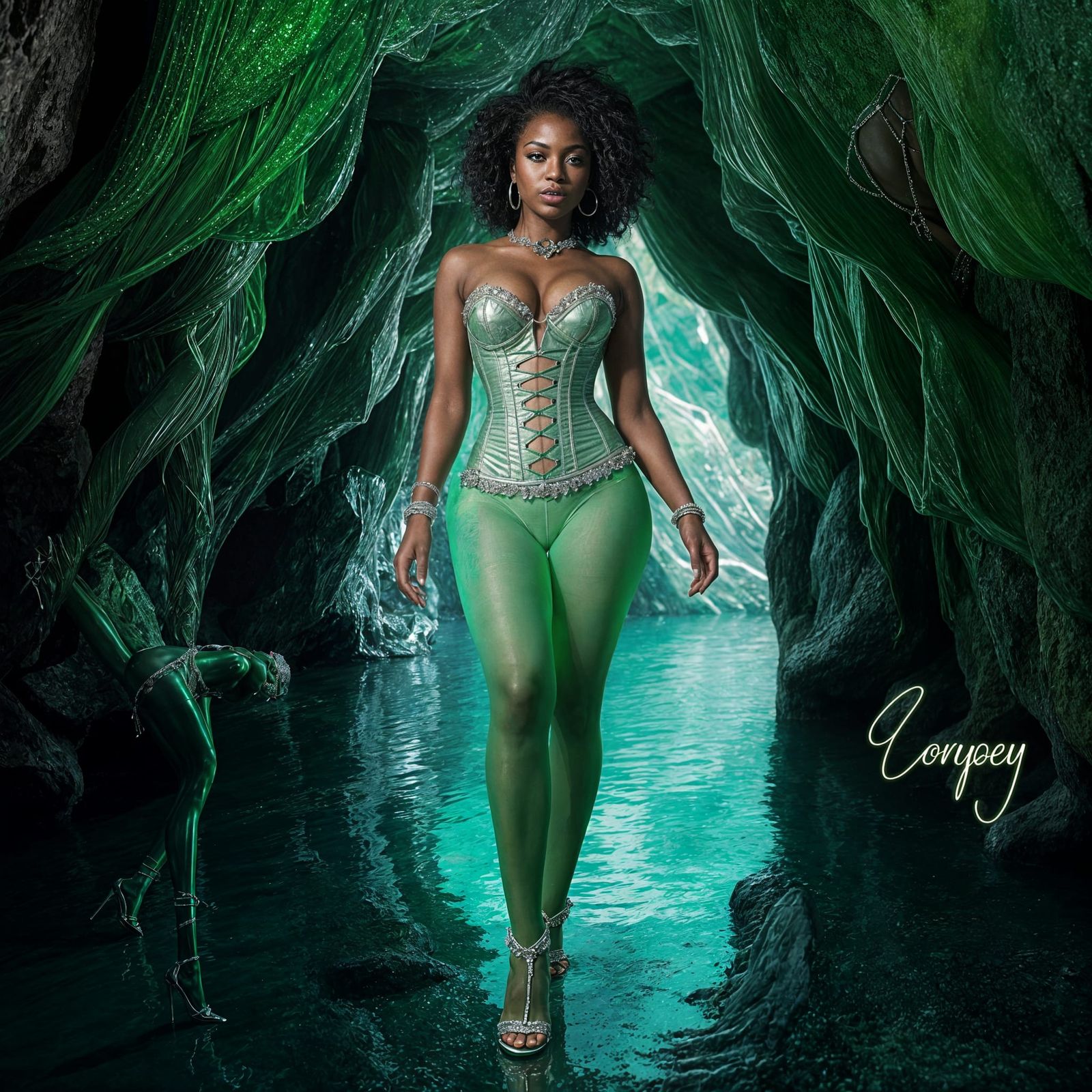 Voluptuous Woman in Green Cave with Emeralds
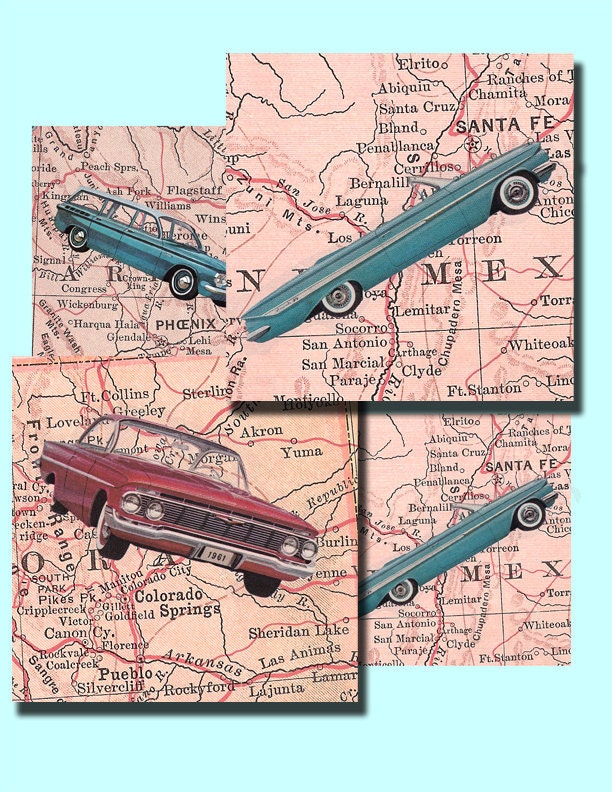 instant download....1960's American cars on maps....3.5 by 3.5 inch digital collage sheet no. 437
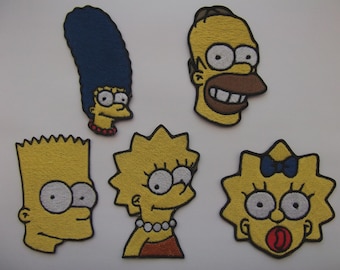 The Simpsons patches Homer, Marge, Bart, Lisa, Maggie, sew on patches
______________________________
● What is being asked
The complete material, set down exactly and stripped of pictures, is the expected response.

● Result
 Voluptuous Woman in Green Cave with Emeralds
 instant download....1960's American cars on maps....3.5 by 3.5 inch digital collage sheet no. 437
 The Simpsons patches Homer, Marge, Bart, Lisa, Maggie, sew on patches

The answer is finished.